PROBLEM DESCRIPTION:
Look in the listing below for the line that has "BRAD GARLINGHOUSE: XRP", then return it and each following line up to and including the one with "MacGregor MACTEC X2", exactly and without pictures.

INPUT DATA:
☆ ☆ ☆ ☆ ☆
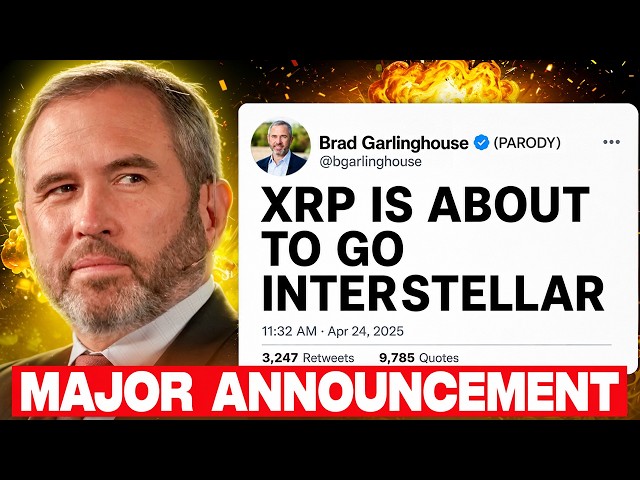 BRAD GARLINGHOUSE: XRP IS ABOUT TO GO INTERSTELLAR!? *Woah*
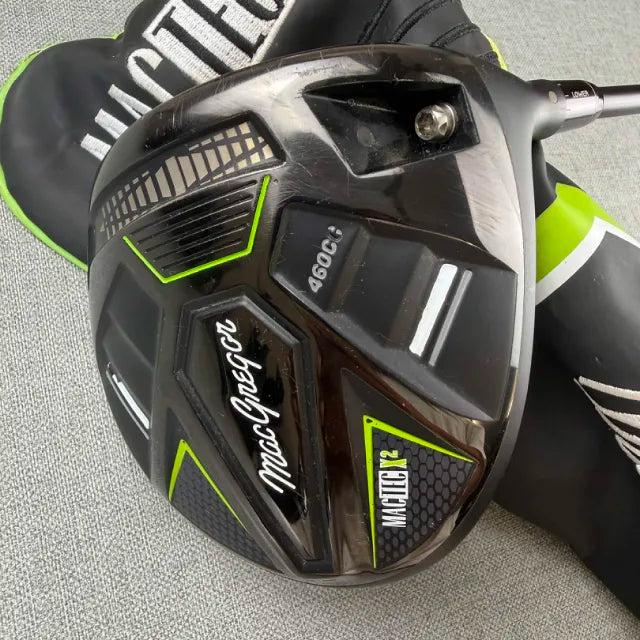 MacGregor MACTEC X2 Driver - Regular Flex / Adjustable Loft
☆ ☆ ☆ ☆ ☆
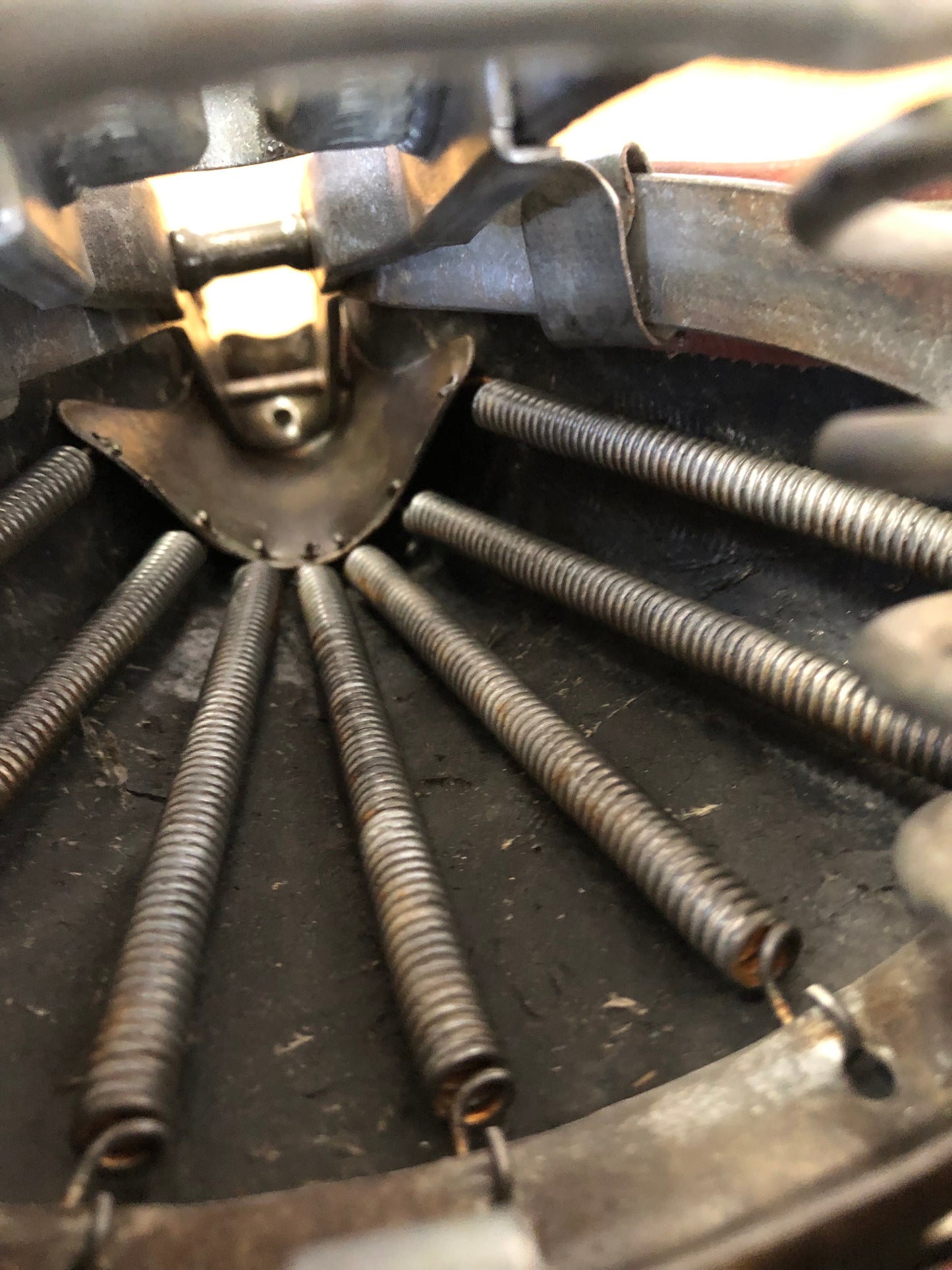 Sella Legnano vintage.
☆ ☆ ☆ ☆ ☆
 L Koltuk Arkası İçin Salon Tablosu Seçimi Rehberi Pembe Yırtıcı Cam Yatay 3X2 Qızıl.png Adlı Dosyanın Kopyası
☆ ☆ ☆ ☆ ☆
PROBLEM SOLUTION:
 BRAD GARLINGHOUSE: XRP IS ABOUT TO GO INTERSTELLAR!? *Woah*
 MacGregor MACTEC X2 Driver - Regular Flex / Adjustable Loft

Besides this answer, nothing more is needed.